Hello!!!
I will start providing you a theoretical source:
"Because of the difficulties associated with the estimation of future
dividends, we find it useful to make one of three simplifying
assumptions regarding the pattern of future payments. They are: (1)
zero growth in dividends, or constant dividends; (2) constant rate of
growth in dividends; and (3) a nonconstant rate of growth in
dividends.
A stock with constant dividends is a perpetuity. Previously we noted
that the present value of a perpetuity, PV, equals C/r. Since, for a
zero-growth stock, D = C, the value of a share of stock which pays a
constant dividend is
P0 = PV = D/r.
A growing perpetuity is a series of cash flows, occurring at regular
intervals, which grows perpetually at a constant rate. The series of
dividend payments for a share of common stock can be considered a
growing perpetuity as long as the dividend payment increases at the
same rate each year. Let Dt be the dividend paid in year t, and let g
be the annual growth rate in dividends. The dividend at date (Dt) is:
Dt = D0 × (1 + g)^t .
It can be shown algebraically that, as long as r is greater than g,
the present value of an infinite stream of cash flows which are
changing at constant rate is equal to
P0 = PV = [D0 × (1+g)]/(r - g) = D1/(r - g).
Learning Tip: The constant-growth model is nothing more than a
modified version of the ordinary annuity model described previously.
As such, it assumes that payments occur at the end of each period. In
turn, we can use it to find the price of the stock at any point in
time (t):
Pt = D(t+1)/(r - g).
The assumption of nonconstant growth is realistic for many firms. The
key assumption of this model is the assumption that dividends change
at different rates in different periods, until, at a specified future
date, the growth rate settles at some constant equilibrium rate.
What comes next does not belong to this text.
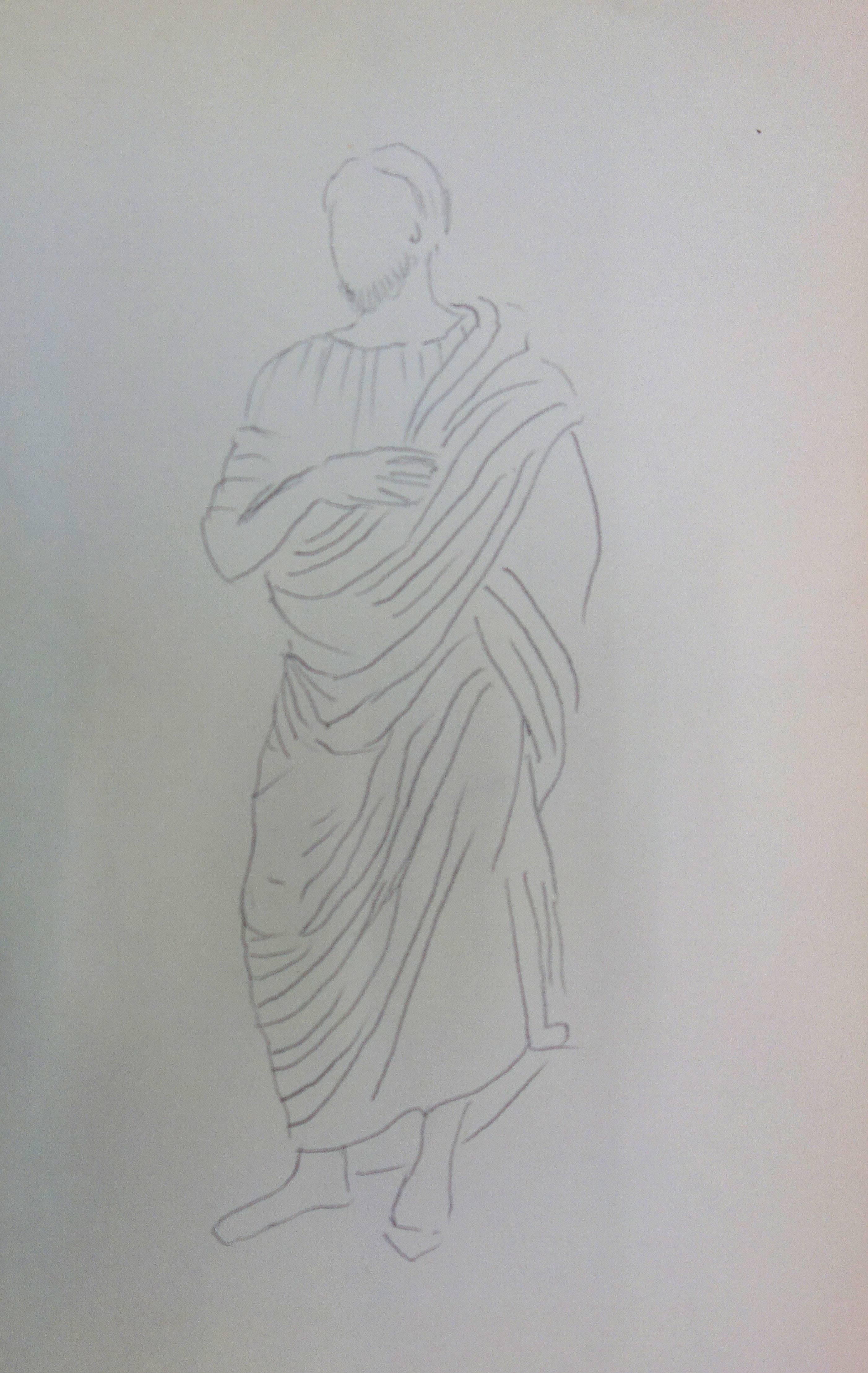 Suzanne Lalique Figurative Art - Philosopher: Antique Greek costume - Original Pencil Drawing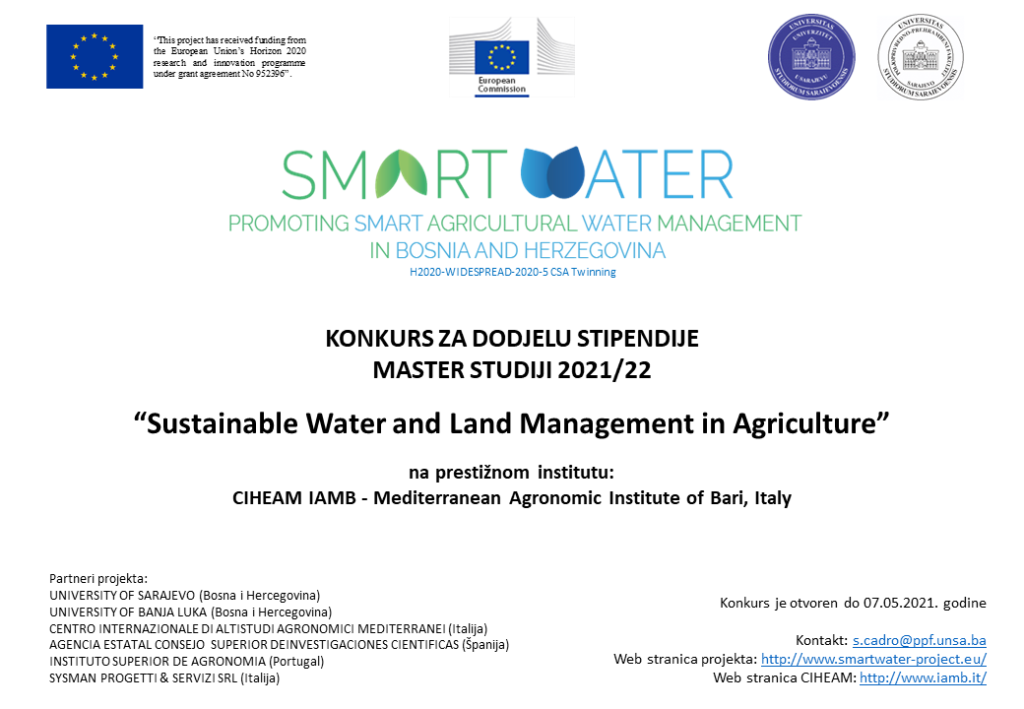 Konkurs za dodjelu stipendije – Master studij “Sustainable Water and Land Management in Agriculture” Konkurs 1024x709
Fortunately, no new formulas are required to value such a stock. To
use the nonconstant or supernormal growth model we simply:
1.Compute the FV of each dividend in the nonconstant growth period,
using the growth rate (g).
2.Compute the PV of the abovementioned dividends discounted at r.
3.Use the constant-growth model to compute the PV of all of the
remaining dividends which, by assumption, are expected to grow at a
constant rate forever.
4.Sum the present values obtained in steps 2 and 4; this is the
present value of all future dividends, which is P0.
Components of the Required Return (p. 225):
Previously we noted that investors buy stock in the hope of earning
returns in the form of dividends and capital gains. Given a constant
growth rate, we can obtain the components of total return by solving
the constant-growth formula for r:
r = D1/P0 + g.
Thus, the rate of return for a constant growth stock consists of two
components: the dividend yield and the capital gains yield. The former
can be thought of as the rate of return for a stock whose dividend is
constant; an investor who purchased a share of common stock for a
price P0, and who received a constant dividend of D1, would be
receiving a perpetuity whose yield is equal to D1/P0. The capital
gains yield represents the expected annual increase in the price of
the stock. Given the assumption that annual cash flows are growing at
a constant rate forever, it is not surprising that the capital gains
yield is the same as the dividend growth rate g."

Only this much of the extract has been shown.